Grid computing has become a topic of significant interest in the scientific community as a means of enabling application developers to aggregate resources scattered around the globe for solving large-scale scientific problems. This monograph addresses four critical software development aspects for the engineering and execution of applications on parallel and Grid architectures.
A new directive-based language called ZEN is proposed for compact specification of wide value ranges of interest for arbitrary application parameters, including problem or machine sizes, array or loop distributions, software libraries, interconnection networks, or target execution machines. Based on the ZEN language, a novel experiment management tool called ZENTURIO is developed for automatic experiment management of large-scale performance and parameter studies on parallel and Grid architectures. This tool has been validated with respect to functionality and usefulness on several real-world parallel applications from various domains, including theoretical chemistry, photonics, finances, and numerical mathematics.

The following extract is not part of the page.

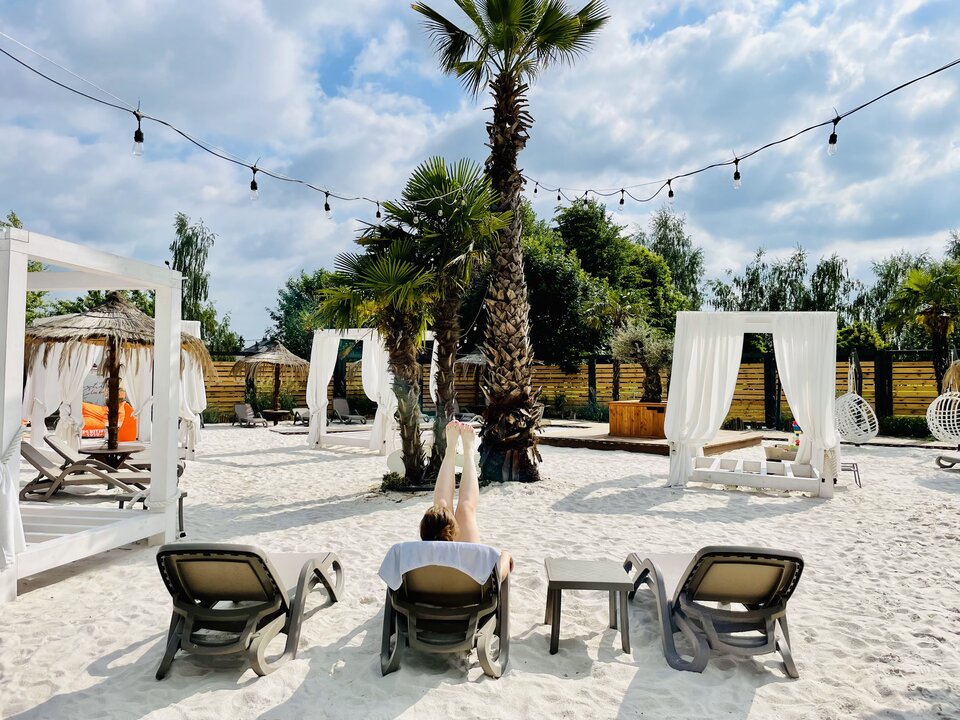 E14271E0-B34C-4A65-870F-9D62E1CF8EBD.jpeg - GirlxDaddy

Depending on the ZENTURIO experiment management architecture a generic optimization framework is built up that integrates general-purpose meta-heuristics for solving NP-complete performance and parameter optimization problems in an exponential search space specified using the ZEN experiment specification language. Finally a timely approach is proposed for modeling and executing scientific workflows in dynamic and heterogeneous Grid environments, introducing an abstract formal model for hierarchical representation of complex directed graph-based workflows.
Thus this monograph contributes to various research areas related to integrated tool development for efficient engineering and high performance execution of scientific applications in Grid environments.